- Action item -
Using the data beneath this instruction, retype only the lines from the one that contains "Toyota C-HR 2.0 PHEV Trend 105269 4" down to the one that contains "1249 Hardin Road, Dallas, NC 28034", both included, exactly as they appear.

- Excerpts from a dataset -
=== Begin Enclosure ===

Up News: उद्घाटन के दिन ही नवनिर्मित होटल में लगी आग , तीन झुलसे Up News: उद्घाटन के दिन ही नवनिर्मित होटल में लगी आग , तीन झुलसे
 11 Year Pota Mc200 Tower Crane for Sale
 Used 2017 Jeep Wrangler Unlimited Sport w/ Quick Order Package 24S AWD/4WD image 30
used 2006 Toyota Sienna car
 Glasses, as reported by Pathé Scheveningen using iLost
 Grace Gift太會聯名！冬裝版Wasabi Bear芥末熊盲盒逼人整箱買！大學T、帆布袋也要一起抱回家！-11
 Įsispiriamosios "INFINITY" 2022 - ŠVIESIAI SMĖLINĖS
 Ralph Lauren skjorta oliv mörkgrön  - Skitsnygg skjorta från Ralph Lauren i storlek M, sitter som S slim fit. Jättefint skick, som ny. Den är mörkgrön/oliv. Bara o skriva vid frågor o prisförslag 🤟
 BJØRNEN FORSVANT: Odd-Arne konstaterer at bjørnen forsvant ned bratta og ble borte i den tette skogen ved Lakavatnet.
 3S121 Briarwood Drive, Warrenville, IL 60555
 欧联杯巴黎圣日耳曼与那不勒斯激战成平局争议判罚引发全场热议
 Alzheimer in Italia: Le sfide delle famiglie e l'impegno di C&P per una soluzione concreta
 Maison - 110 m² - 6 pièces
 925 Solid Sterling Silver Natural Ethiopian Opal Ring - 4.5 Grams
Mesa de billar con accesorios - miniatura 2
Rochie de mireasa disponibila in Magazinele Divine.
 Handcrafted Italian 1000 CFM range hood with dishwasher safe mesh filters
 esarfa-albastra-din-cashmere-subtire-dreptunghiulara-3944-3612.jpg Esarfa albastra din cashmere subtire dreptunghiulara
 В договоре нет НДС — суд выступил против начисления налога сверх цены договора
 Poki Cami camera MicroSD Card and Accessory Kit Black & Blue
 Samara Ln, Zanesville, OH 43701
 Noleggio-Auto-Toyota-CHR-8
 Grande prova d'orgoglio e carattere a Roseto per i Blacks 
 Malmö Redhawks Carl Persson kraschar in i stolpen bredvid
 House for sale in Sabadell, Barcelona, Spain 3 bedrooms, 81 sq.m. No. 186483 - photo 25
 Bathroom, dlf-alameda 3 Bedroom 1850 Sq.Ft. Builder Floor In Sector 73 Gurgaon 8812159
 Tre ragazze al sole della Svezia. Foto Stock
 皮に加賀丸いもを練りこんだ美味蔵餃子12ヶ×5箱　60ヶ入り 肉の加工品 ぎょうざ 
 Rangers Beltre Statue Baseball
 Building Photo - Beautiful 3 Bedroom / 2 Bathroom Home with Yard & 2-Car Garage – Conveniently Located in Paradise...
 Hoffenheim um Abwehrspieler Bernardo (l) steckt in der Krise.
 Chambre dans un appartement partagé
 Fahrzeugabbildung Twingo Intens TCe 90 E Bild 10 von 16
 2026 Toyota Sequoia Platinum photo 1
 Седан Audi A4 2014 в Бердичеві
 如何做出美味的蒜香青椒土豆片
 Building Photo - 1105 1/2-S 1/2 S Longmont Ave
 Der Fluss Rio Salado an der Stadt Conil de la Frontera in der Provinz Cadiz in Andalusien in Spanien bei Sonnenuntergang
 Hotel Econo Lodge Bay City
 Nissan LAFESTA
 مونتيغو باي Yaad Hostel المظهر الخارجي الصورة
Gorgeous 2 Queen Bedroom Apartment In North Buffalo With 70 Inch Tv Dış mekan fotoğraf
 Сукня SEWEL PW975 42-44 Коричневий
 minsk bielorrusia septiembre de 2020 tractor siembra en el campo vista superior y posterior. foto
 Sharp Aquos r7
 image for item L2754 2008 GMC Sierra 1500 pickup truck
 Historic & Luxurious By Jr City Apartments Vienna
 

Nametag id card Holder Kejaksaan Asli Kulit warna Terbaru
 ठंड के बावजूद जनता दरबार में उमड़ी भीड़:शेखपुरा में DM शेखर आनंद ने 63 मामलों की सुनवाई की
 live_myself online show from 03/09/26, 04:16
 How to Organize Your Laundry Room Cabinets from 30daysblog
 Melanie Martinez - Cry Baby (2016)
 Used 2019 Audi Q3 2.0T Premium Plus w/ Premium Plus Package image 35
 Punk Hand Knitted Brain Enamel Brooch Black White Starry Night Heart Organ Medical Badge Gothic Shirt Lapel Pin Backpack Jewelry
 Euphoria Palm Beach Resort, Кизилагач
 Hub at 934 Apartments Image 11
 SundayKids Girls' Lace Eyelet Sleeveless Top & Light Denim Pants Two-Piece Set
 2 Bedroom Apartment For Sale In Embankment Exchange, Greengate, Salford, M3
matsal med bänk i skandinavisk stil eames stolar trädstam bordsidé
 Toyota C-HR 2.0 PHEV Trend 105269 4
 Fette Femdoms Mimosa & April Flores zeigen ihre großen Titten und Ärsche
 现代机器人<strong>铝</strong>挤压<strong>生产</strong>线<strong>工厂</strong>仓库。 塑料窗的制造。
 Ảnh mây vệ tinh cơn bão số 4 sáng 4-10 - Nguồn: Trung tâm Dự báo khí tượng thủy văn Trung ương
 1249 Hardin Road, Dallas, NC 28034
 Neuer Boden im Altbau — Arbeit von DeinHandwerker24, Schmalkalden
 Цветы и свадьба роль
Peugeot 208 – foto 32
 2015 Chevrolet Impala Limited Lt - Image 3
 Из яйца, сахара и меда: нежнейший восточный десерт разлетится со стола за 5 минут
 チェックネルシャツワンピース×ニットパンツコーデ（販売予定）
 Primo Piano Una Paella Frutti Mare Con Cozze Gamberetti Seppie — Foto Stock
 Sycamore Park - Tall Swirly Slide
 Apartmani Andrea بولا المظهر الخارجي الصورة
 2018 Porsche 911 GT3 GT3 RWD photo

=== End Enclosure ===

- Response to this task -
 Toyota C-HR 2.0 PHEV Trend 105269 4
 Fette Femdoms Mimosa & April Flores zeigen ihre großen Titten und Ärsche
 现代机器人<strong>铝</strong>挤压<strong>生产</strong>线<strong>工厂</strong>仓库。 塑料窗的制造。
 Ảnh mây vệ tinh cơn bão số 4 sáng 4-10 - Nguồn: Trung tâm Dự báo khí tượng thủy văn Trung ương
 1249 Hardin Road, Dallas, NC 28034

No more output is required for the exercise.